The low air pressure in the cabin can also have a slowing effect on the cooking process, which is another reason why airlines typically don't bother to cook from scratch.
"It's actually very hard to cook at those altitudes," John Hansman from the International Center for Air Transportation at the Massachusetts Institute of Technology told the BBC. "They generally are just doing reheating."
BECAUSE WE CAN'T BE TRUSTED WITH SHARP THINGS
It doesn't take a lot of imagination to understand why passengers are not handed steak knives during meal service.
So it works quite well that the over-boiled, over-steamed food we get on planes is perfectly compatible with the use of blunt-edged cutlery sets - sometimes without knives.
"Airlines have discovered that, if you also precut the meat, you practically don't need a knife," Guillaume de Syon from Pennsylvania's Albright College told the BBC.
"Because it's been so overcooked, you can cut it with a fork."
So that's why most of your food comes scoop-ready or on the verge of mush - neither of which make for an appetising meal.
BECAUSE IT'S NOT THAT MUCH OF A PRIORITY ANYMORE
A recent report by the BBC looks at how food service on flights has evolved from the lavish affairs of the 1960s to the more grab-and-go standard of today.

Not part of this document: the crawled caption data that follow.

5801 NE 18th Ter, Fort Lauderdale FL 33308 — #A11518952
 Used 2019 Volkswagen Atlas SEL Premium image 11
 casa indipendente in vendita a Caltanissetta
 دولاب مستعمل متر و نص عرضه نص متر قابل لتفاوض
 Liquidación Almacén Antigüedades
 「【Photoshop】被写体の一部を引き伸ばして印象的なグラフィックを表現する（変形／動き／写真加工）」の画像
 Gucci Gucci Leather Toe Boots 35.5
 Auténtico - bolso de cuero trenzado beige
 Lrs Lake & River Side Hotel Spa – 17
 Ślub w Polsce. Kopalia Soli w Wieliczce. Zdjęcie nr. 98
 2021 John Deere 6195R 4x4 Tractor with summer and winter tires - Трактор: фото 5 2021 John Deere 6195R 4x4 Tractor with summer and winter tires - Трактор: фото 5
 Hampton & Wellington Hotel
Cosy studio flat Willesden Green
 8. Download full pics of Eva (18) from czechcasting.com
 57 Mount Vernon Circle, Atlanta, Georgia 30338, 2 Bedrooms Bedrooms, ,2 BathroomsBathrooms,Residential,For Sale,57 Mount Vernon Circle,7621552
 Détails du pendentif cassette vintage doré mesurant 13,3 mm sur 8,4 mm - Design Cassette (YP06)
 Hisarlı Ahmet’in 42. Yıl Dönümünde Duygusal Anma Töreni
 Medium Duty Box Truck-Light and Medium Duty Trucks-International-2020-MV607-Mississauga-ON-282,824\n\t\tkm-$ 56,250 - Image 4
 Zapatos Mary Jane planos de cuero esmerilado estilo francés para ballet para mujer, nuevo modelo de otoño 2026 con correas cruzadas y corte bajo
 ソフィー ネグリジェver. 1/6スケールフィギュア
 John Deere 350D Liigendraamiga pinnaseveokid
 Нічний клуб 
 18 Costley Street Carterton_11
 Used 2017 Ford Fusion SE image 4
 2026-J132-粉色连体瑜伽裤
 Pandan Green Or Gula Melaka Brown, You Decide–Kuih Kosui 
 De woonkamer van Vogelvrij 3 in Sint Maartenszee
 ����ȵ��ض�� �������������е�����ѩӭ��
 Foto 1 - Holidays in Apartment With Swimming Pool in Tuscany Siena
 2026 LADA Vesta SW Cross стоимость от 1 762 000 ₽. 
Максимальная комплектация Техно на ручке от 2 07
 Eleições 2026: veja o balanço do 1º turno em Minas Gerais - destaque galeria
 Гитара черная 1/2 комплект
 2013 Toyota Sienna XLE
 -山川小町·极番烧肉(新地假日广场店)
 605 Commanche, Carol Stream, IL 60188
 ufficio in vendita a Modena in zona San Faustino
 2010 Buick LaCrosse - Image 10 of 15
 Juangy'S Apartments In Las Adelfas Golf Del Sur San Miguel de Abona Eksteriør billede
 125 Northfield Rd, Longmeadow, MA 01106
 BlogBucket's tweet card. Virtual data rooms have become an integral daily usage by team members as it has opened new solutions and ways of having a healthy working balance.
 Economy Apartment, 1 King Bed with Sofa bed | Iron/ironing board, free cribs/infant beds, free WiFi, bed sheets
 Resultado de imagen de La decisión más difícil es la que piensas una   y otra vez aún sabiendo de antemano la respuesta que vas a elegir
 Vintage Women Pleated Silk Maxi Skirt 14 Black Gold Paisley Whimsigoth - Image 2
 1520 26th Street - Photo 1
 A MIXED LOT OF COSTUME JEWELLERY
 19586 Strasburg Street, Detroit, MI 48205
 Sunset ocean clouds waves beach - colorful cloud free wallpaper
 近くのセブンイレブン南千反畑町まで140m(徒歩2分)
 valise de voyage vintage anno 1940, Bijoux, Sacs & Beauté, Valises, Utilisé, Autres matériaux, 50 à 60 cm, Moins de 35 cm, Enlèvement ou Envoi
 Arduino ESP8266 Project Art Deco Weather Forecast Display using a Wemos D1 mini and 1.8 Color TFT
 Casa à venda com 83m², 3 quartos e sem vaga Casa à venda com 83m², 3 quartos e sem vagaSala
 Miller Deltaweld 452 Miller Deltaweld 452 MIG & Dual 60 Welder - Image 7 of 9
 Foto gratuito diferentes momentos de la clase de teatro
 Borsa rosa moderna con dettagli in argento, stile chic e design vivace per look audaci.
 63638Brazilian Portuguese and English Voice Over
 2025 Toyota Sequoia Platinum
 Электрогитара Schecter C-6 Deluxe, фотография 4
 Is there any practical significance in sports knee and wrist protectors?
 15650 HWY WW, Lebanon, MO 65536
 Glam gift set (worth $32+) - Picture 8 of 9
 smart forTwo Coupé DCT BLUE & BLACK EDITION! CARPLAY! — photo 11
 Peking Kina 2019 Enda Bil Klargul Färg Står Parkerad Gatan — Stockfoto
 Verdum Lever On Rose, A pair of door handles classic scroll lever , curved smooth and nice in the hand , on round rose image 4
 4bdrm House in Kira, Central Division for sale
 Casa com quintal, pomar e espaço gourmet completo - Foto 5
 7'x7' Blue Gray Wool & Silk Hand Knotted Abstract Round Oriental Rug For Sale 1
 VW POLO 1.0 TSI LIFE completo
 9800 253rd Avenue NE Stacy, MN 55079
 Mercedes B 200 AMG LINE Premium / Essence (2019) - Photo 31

Decades ago, planes had smaller passenger manifests - with sometimes as few as 50 people - and that allowed flight crew to offer a more personalised meal service to each person on board.
Now, passengers planes carry more than 300 hungry people and the crew have to get on with feeding the masses quickly.
And as more and more airlines focus on squeezing more and more seats on their flights, we may see hot food become less of a focus as passengers literally take over the space formerly reserved for a fully functional kitchen.